◆ Problem description
Transcribe the listing verbatim, please, with images dropped.

◆ Raw data
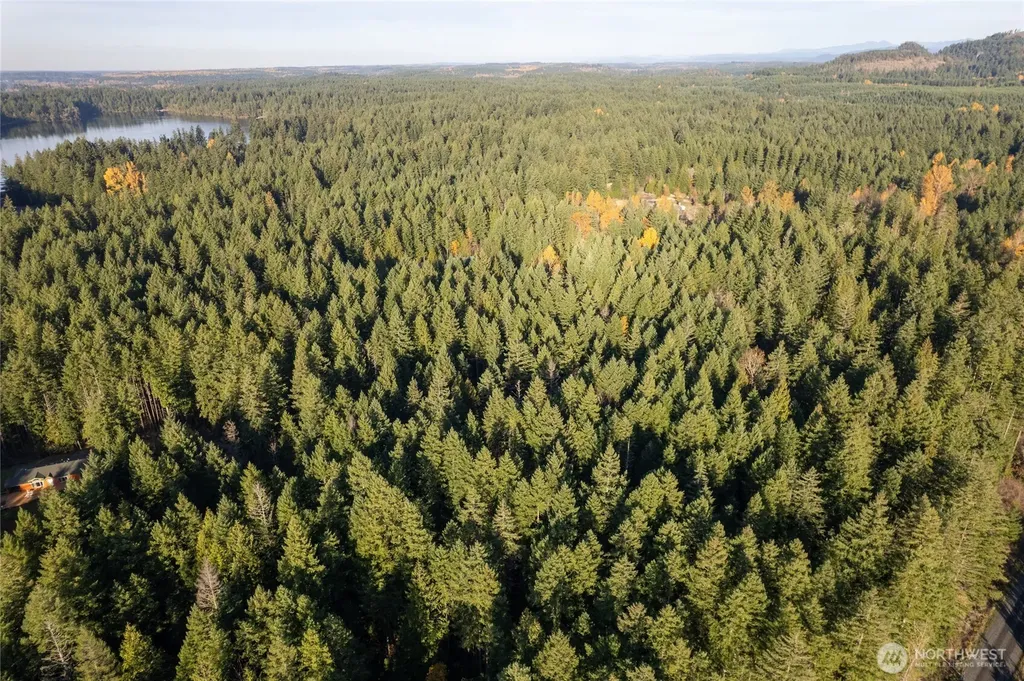 0 Bald Hills Road Yelm WA 98597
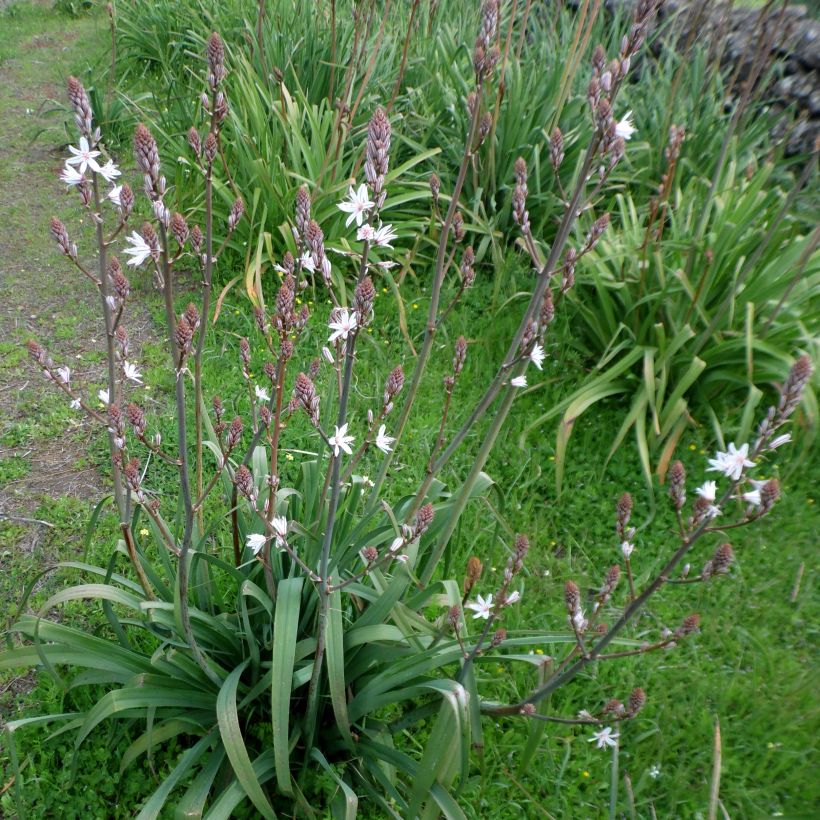 Asphodelus ramosus - Affodil (Groeiplaats)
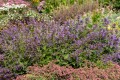 weinheim-big-blue_nepeta-hybrida_74943_2.jpg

◆ Exercise answer
 0 Bald Hills Road Yelm WA 98597
 Asphodelus ramosus - Affodil (Groeiplaats)
 weinheim-big-blue_nepeta-hybrida_74943_2.jpg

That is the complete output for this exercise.